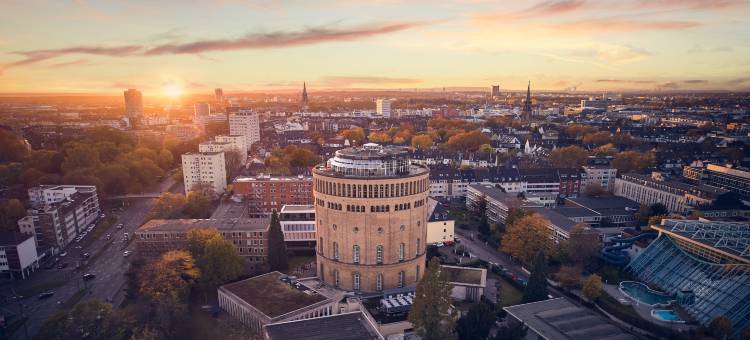 希尔顿格芮精选科隆瓦瑟图姆酒店(Wasserturm Hotel Cologne, Curio Collection by Hilton)图片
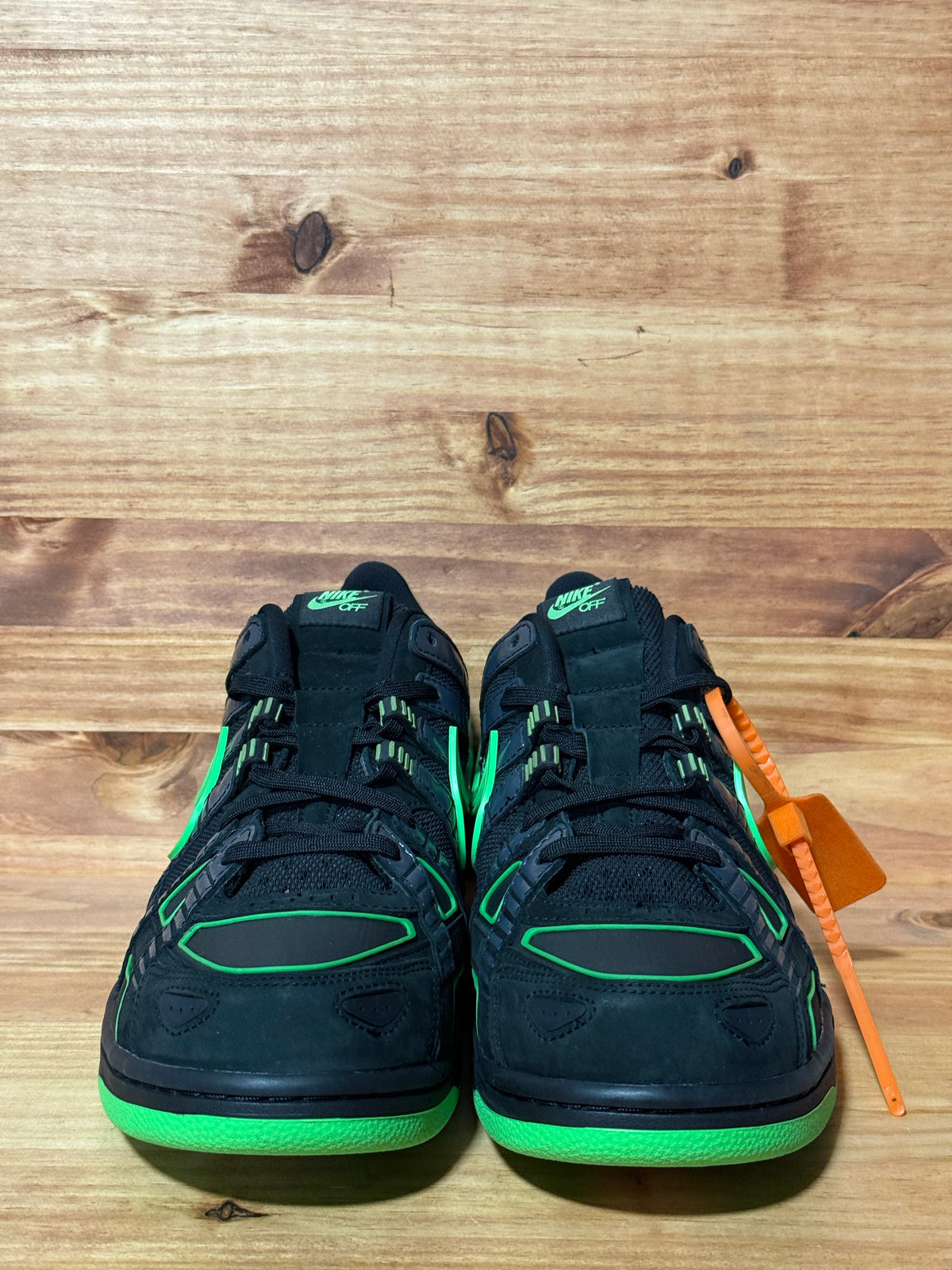 Nike Air Rubber Dunk Off-White Green Strike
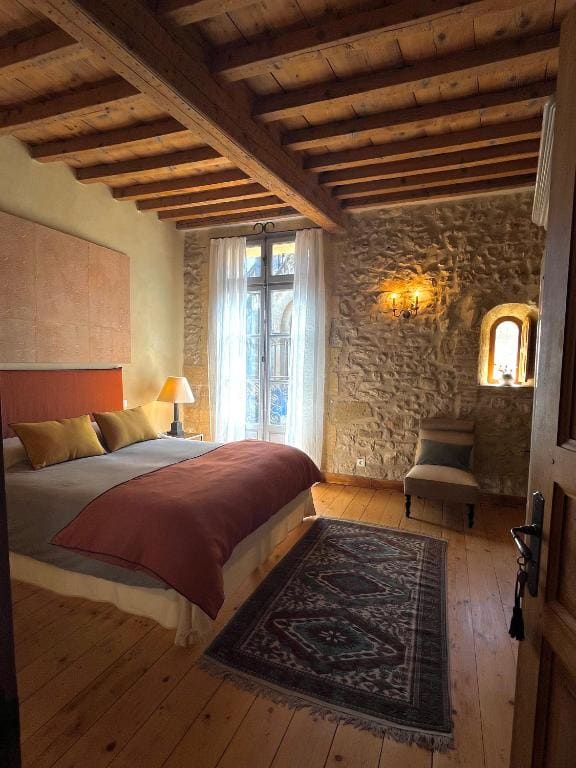 Double Room with Balcony room - Image 3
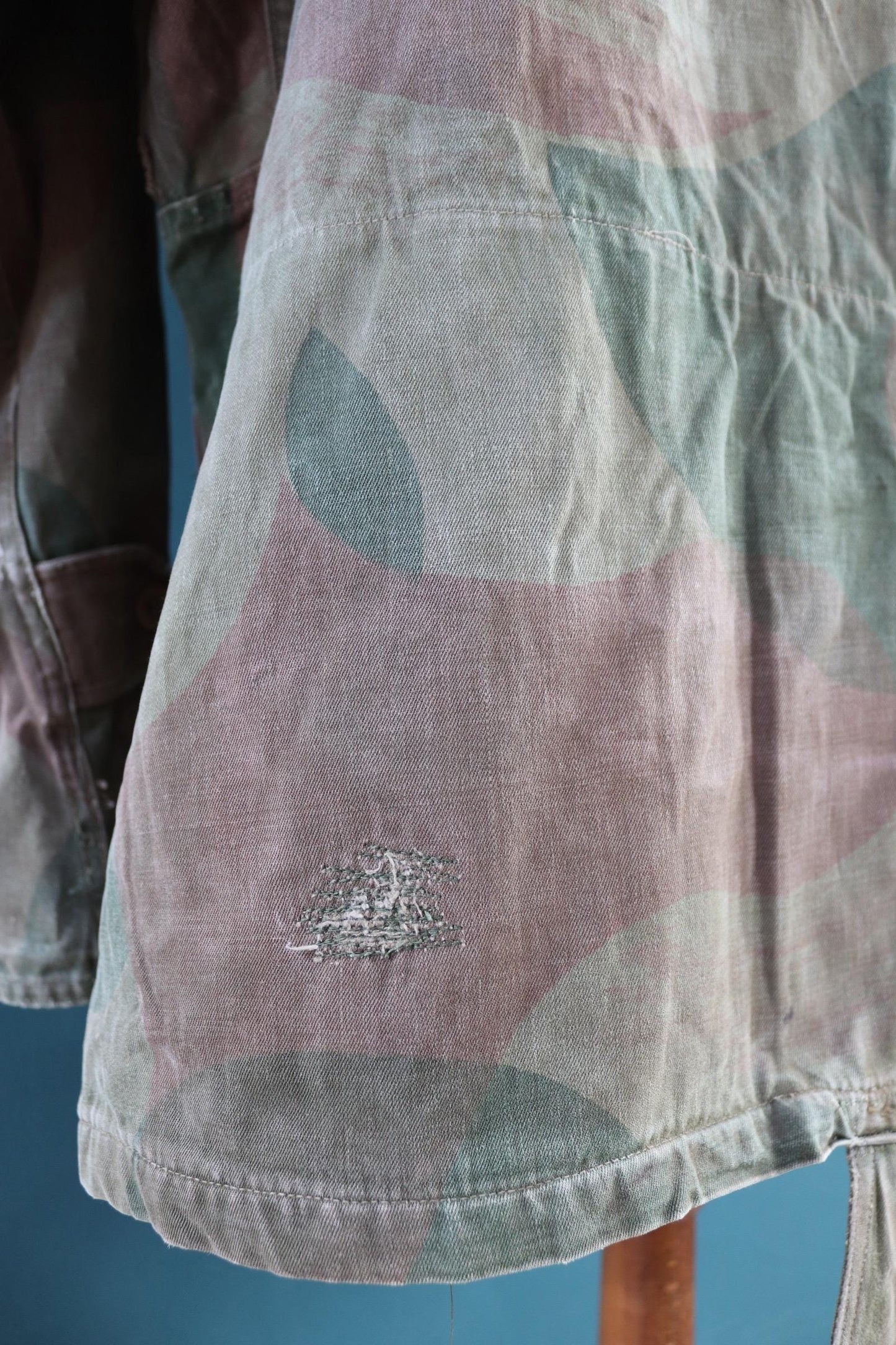 Vintage 1960s Denison smock Belgian paratrooper military anorak donkey tail moon and balls camo camouflage 55” chest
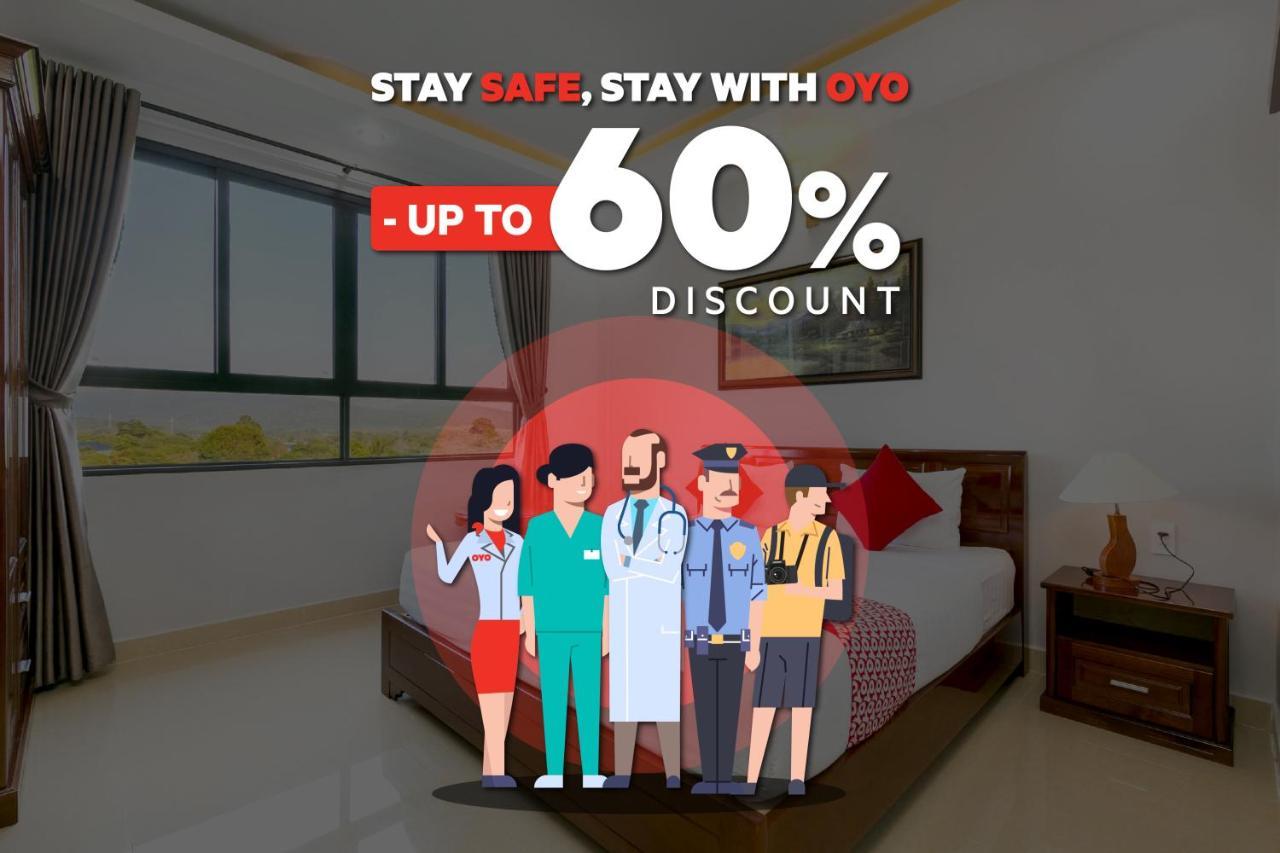 Oyo 747 Cipunegara Residence Surabaya Kültér fotó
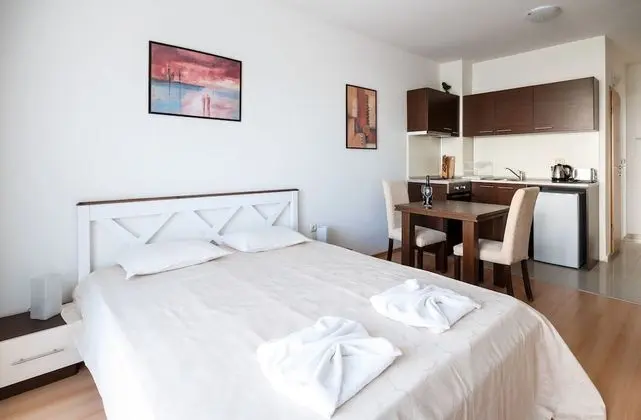 New Line Village Apartments - Oda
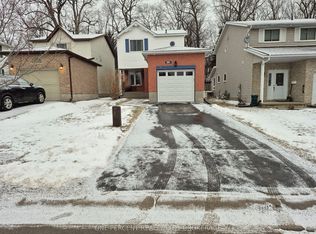 281 Grandtrunk Ave E, Kingston, ON K7M 8P2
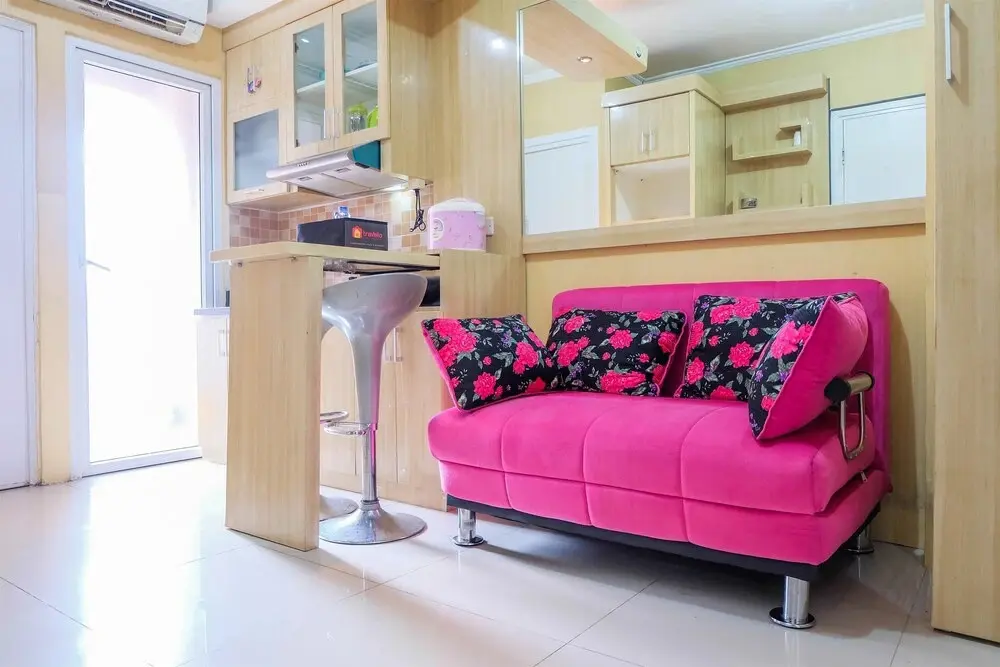 Джакарта: Affordable Price 2BR Green Pramuka City Apartment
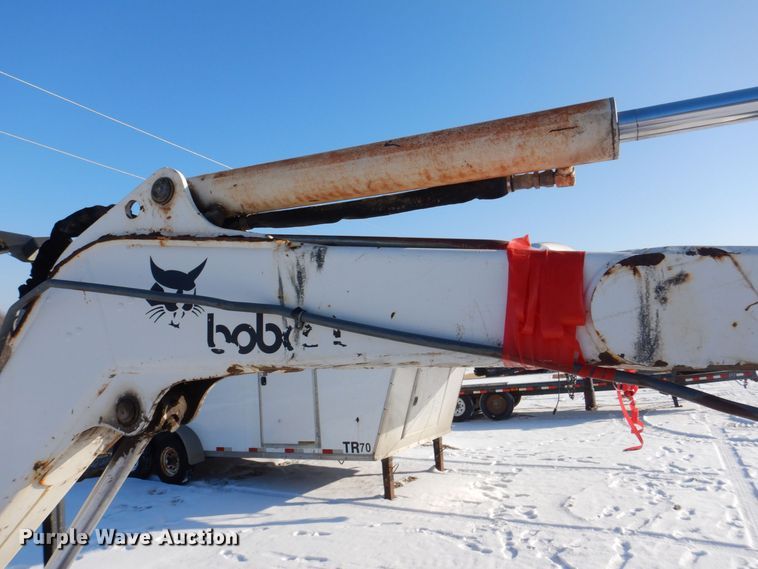 image for item MJ9979 1997 Bobcat 331  mini excavator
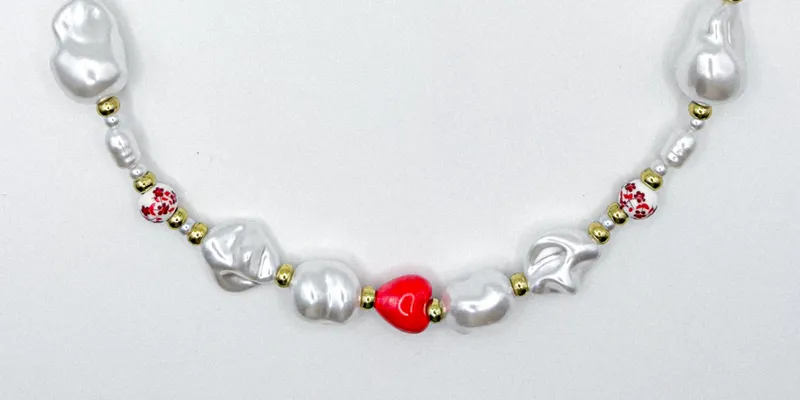 Collar de perlas artificiales y entrepiezas de porcelana y cerámica 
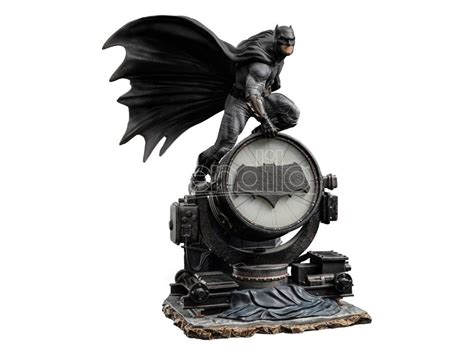 Zack Snyder S Justice League Deluxe Art Scale Statue 1 10 Batman On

══════

## PROBLEM TO SOLVE
The required output is the line containing "New Line Village Apartments - Oda" plus every line after it to the end of the data, copied exactly and with no pictures.

## EXPECTED OUTPUT
 New Line Village Apartments - Oda
 281 Grandtrunk Ave E, Kingston, ON K7M 8P2
 Джакарта: Affordable Price 2BR Green Pramuka City Apartment
 image for item MJ9979 1997 Bobcat 331  mini excavator
 Collar de perlas artificiales y entrepiezas de porcelana y cerámica 
 Zack Snyder S Justice League Deluxe Art Scale Statue 1 10 Batman On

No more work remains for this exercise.